══ SOURCE RECORDS

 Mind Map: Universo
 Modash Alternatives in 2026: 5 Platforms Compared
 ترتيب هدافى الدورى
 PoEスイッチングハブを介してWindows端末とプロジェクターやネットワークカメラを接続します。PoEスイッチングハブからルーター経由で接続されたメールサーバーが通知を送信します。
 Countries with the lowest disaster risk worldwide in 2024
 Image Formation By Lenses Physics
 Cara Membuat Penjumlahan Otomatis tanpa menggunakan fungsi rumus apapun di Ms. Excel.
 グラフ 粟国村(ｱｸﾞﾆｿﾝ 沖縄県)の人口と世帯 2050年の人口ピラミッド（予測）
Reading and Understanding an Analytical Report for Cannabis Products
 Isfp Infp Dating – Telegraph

════
══ SOURCE RECORDS

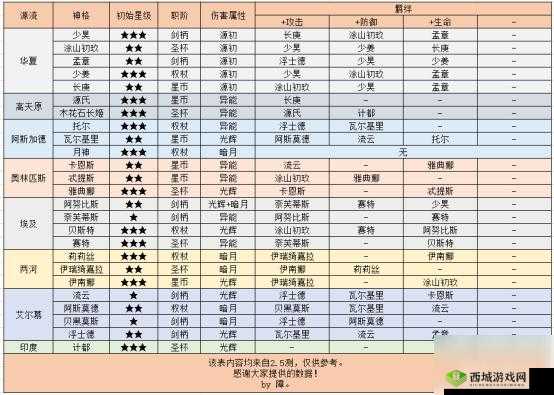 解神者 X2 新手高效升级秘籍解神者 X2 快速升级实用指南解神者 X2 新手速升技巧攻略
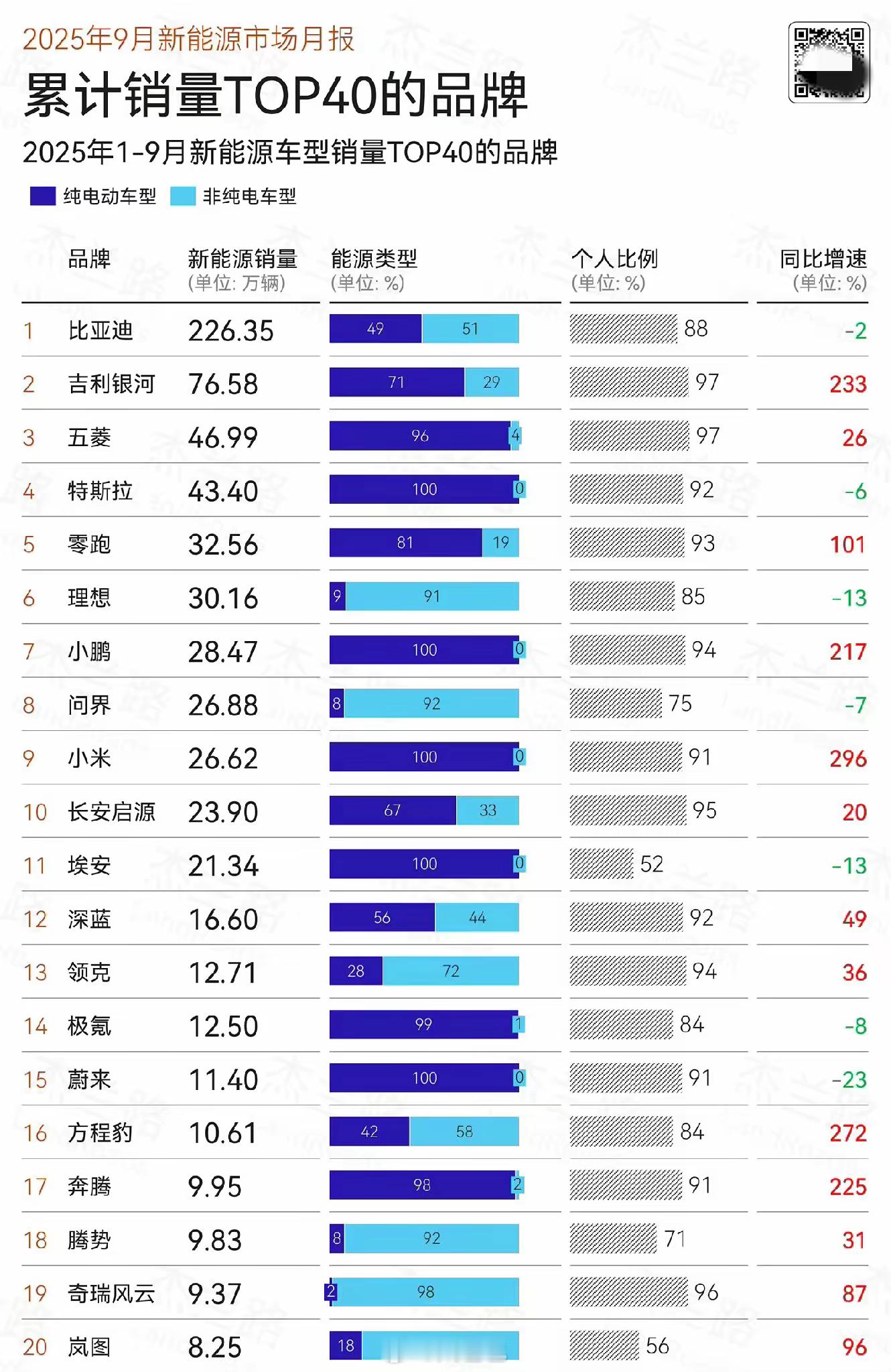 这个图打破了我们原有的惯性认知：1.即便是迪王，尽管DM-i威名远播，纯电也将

════
══ SOURCE RECORDS

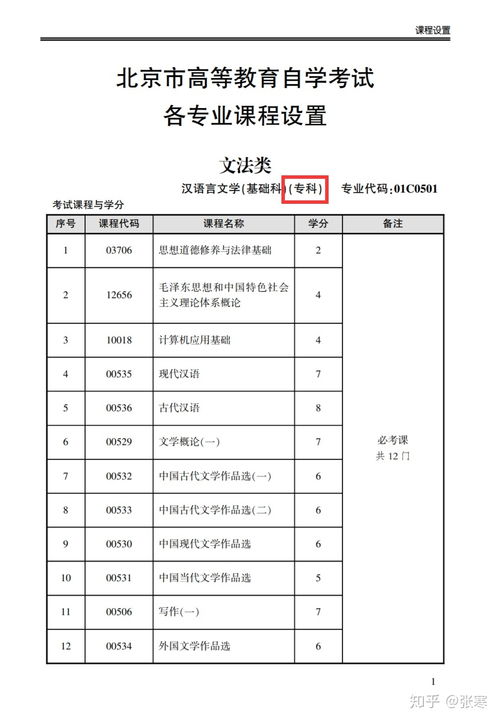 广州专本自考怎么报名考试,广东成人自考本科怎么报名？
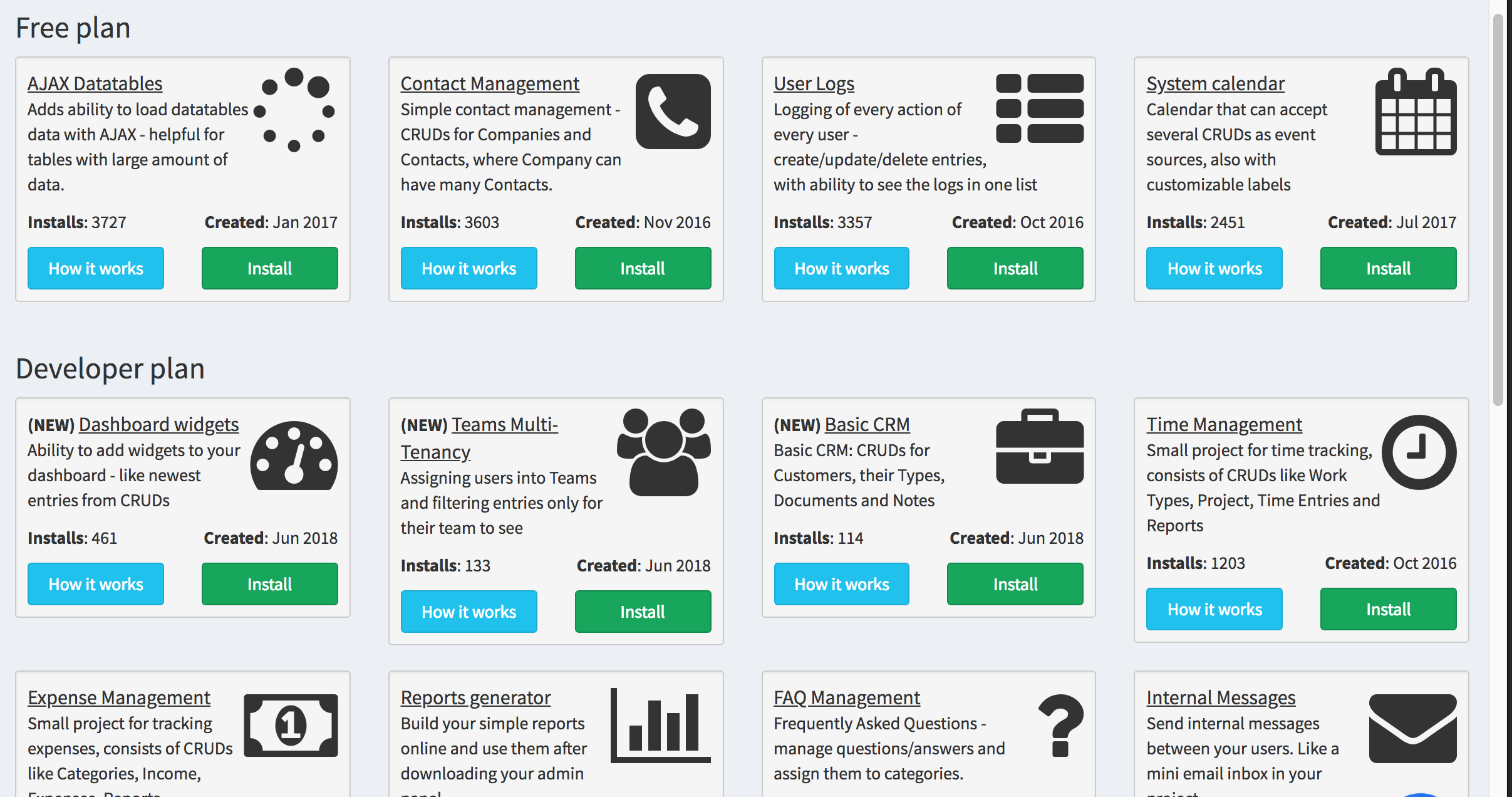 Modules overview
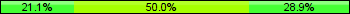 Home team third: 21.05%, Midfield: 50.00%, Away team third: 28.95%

════

■ TRY IT
Above this task is a listing with pictures in it. Retype only the lines from the one containing "广州专本自考怎么报名考试,广东成人自考本科怎么报名？" through the one containing "Home team third: 21.05%, Midfield: 50.00%, Away", both included, and not the pictures.

■ REPLY
 广州专本自考怎么报名考试,广东成人自考本科怎么报名？
 Modules overview
 Home team third: 21.05%, Midfield: 50.00%, Away team third: 28.95%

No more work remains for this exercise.